(Beginning of Materials provided)
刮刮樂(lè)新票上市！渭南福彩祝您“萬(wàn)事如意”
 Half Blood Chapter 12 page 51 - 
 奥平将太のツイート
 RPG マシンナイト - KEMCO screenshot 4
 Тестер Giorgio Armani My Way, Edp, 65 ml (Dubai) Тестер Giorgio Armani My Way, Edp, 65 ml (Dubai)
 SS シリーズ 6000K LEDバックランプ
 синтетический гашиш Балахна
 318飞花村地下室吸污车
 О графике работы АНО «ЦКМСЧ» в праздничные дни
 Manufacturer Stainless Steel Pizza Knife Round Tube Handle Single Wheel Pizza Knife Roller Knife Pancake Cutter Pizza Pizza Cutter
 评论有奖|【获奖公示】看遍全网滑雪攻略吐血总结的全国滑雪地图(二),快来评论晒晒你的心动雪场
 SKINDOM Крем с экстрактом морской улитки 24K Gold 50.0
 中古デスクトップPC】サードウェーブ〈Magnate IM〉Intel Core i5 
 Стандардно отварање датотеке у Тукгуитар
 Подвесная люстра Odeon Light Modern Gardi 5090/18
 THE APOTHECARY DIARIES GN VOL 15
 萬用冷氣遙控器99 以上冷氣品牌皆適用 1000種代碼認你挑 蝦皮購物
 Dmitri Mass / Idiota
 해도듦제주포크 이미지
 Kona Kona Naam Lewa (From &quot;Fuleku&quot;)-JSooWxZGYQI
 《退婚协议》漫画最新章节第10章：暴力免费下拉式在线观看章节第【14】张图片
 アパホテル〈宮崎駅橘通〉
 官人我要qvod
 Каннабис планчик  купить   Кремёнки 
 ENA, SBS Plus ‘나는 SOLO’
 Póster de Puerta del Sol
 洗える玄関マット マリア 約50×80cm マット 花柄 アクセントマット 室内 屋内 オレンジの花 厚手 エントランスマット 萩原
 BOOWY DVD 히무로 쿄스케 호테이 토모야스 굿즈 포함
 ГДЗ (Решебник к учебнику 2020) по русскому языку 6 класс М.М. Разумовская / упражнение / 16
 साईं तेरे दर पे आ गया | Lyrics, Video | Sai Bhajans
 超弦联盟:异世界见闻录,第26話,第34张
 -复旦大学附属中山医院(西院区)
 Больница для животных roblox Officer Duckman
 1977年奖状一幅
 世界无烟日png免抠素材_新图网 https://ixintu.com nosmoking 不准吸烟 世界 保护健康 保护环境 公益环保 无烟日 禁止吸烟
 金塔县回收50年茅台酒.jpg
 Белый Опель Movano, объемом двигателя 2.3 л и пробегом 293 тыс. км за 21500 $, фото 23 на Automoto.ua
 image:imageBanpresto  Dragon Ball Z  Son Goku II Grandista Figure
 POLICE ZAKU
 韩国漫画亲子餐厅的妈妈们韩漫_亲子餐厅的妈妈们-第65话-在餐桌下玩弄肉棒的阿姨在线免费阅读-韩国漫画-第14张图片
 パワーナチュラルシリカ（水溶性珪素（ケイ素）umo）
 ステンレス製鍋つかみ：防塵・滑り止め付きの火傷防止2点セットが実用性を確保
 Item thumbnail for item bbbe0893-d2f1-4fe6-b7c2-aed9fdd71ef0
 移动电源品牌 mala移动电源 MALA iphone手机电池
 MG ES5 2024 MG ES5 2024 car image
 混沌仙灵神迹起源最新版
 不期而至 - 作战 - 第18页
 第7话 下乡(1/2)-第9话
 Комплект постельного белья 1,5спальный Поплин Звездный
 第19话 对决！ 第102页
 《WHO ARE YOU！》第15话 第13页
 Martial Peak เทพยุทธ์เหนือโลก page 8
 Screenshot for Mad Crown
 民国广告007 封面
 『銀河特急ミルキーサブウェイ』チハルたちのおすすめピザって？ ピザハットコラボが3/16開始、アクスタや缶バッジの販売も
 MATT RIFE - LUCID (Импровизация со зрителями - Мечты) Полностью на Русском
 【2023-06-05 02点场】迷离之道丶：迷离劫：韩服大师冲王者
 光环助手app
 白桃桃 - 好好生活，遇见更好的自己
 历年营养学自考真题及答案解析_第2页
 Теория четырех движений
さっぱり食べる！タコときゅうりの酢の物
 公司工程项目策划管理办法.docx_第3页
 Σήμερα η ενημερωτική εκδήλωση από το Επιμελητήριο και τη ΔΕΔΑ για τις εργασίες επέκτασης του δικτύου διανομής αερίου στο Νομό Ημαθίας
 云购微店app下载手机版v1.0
(End of Materials provided)
**Task statement**
Scan the entries above. Copy each line that has the string "page".

**Exercise result**
 Half Blood Chapter 12 page 51 - 
 Martial Peak เทพยุทธ์เหนือโลก page 8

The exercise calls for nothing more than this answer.